> [GIVEN DATA]
■ ■ ■ ■ ■ ■ ■

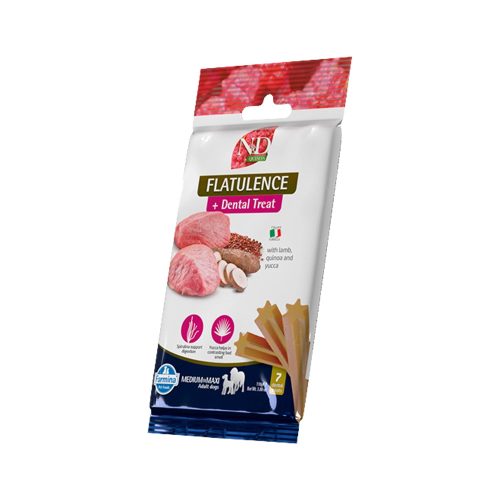 N&D Quinoa Dental Treat Flatulence Medium & Maxi Adult Gabonamentes Jutalomfalat Kutyáknak (Bárány, Quinoa és Jukka) - 100 g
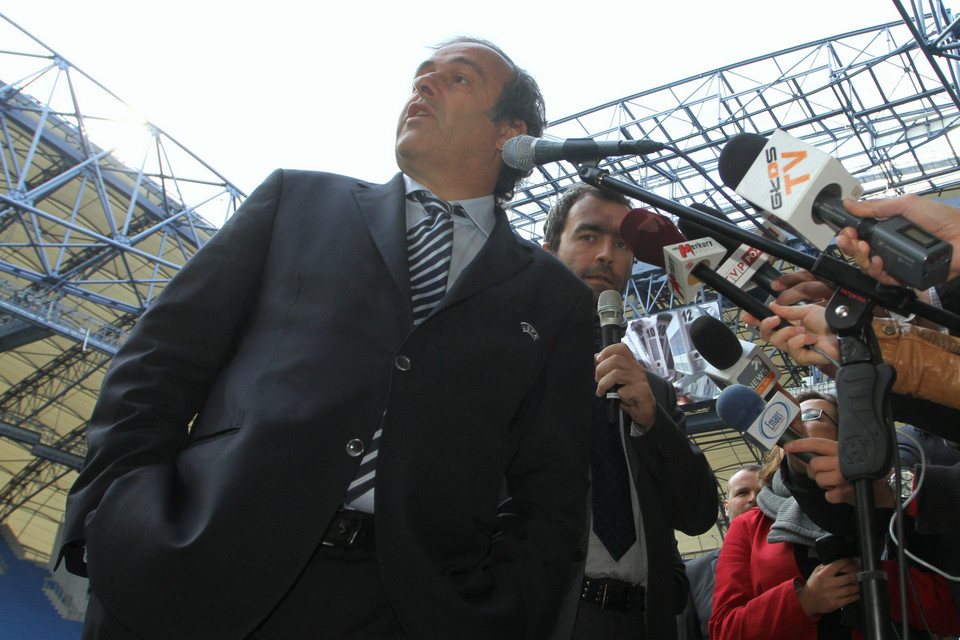 Briefing z udziałem prezydenta UEFA Michaela Platiniego na Stadionie Miejskim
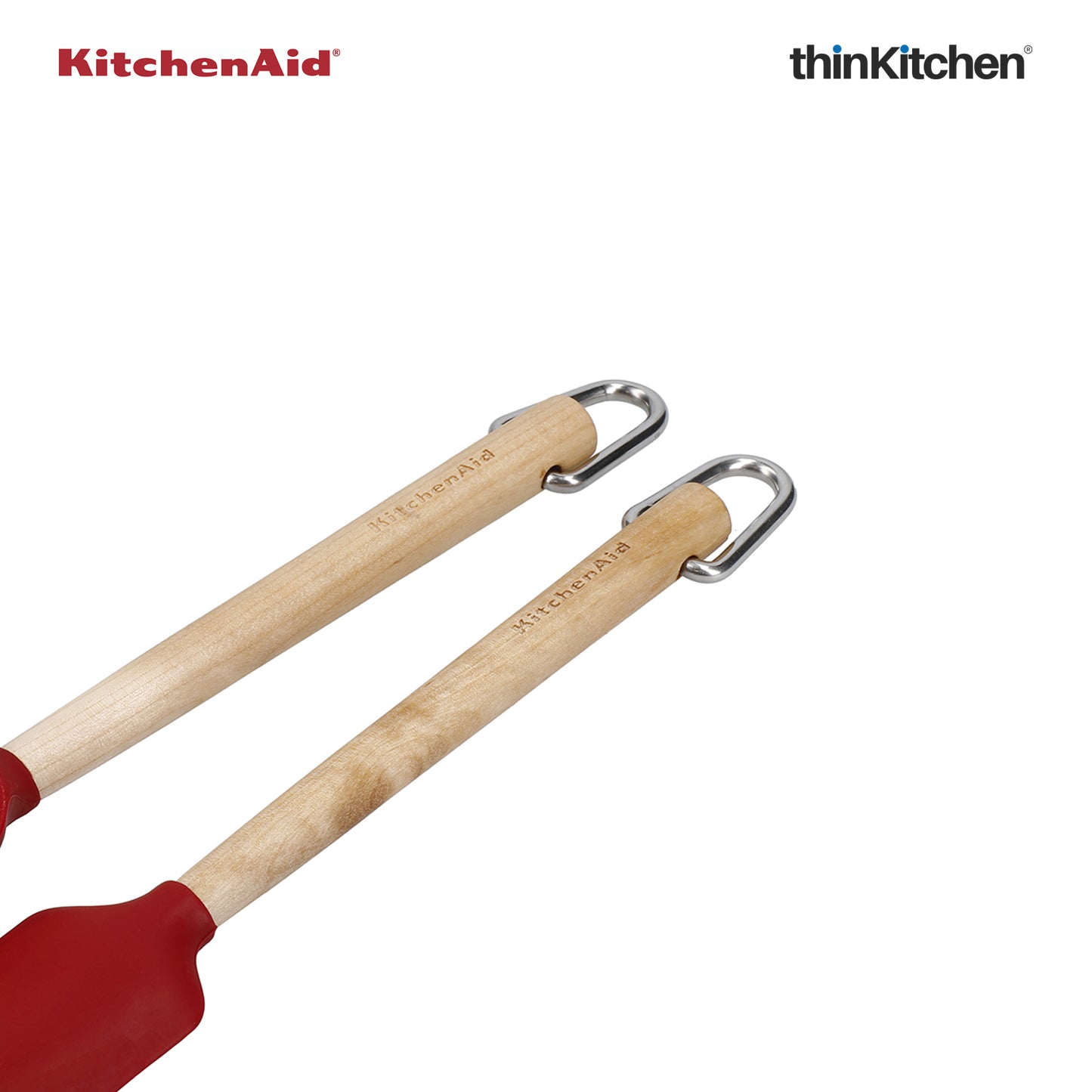 Kitchenaid 2pc Mini Birchwood Spatulas Set Empire Red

■ ■ ■ ■ ■ ■ ■

> [WHAT THE TASK REQUIRES] Retype the listing exactly. Leave the pictures out.

> [SOLUTION FOR THIS EXERCISE]
 N&D Quinoa Dental Treat Flatulence Medium & Maxi Adult Gabonamentes Jutalomfalat Kutyáknak (Bárány, Quinoa és Jukka) - 100 g
 Briefing z udziałem prezydenta UEFA Michaela Platiniego na Stadionie Miejskim
 Kitchenaid 2pc Mini Birchwood Spatulas Set Empire Red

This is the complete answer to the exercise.